Now Nancy Nightingale (née Baker) is back on the island for the first time in 52 years as part of the cultural exchange programme Friendship Force International.
Chief Khot la cha — or Chief Kind Heart — part of the 1,000-member Squamish tribe in North Vancouver, visited the island to give his daughter’s hand away to navy man Gerald McDonald at St James Church, Somerset on May 12, 1964.
Ms Nightingale was 19 when she travelled by herself across Canada to New York to take a flight to Bermuda and visit her girlfriends.
“I loved it so much I stayed and got a job as a secretary to a construction company,” she said.
She ended up staying for two years, during which time she met her future husband, Mr McDonald, who was serving in the Navy. They began planning their wedding, which included the invitation of a rather special guest — her father Chief Khot la cha.

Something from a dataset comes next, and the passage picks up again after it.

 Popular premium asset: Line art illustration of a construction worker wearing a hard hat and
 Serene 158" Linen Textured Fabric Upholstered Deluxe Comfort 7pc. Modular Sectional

“My parents came to the wedding and my father was the first Native American chief to visit Bermuda, so we ended up on the front page of the newspaper.
It was the first time he had travelled, but after that he loved it so much he was appointed Ambassador for the Native People of Canada through Air Canada. Thanks to Air Canada ,he travelled the world — Europe, New Zealand and Hawaii — promoting our native culture.
“My husband served in the Navy and spent two tours going to war in Vietnam. He has now passed away. I have two wonderful daughters and I am also blessed with four grandchildren. I now live in North Vancouver where I grew up and also have been promoting our native culture through my Khot-la-cha Art Gallery, where I sell the artwork of our Squamish Nation.”
In an interview with The Royal Gazette under the headline “Indian Chief paying visit Here; Daughter’s Wedding”, Chief Khot la cha, born Simon Baker, spoke of a push in the US towards preserving rights for the rights and culture of Native Americans.
He said at the time: “At the moment we are fighting the Canadian Government for the confiscation of our land. British Columbia used to belong to us until we were exploited by the French and the British. My grandfather Chief Capilano, petitioned King Edward for full fishing, hunting, educational and land rights.”
He also spoke of the history of some of the North Western tribes telling this newspaper: “We have never had wars the way the prairie Indians did with Custer. But the Northern tribes used to raid us and carry off our women and take our men for slaves. And by the way, it was the English who started the idea of scalping, by offering £200 for the head of an enemy during the French and Indian wars.”
During her visit, Ms Nightingale has been taking in Bermuda’s cultural delights — she attended the Remembrance Day Parade on Friday and will take part in historic walking tours around the island. She also revisited St James Church.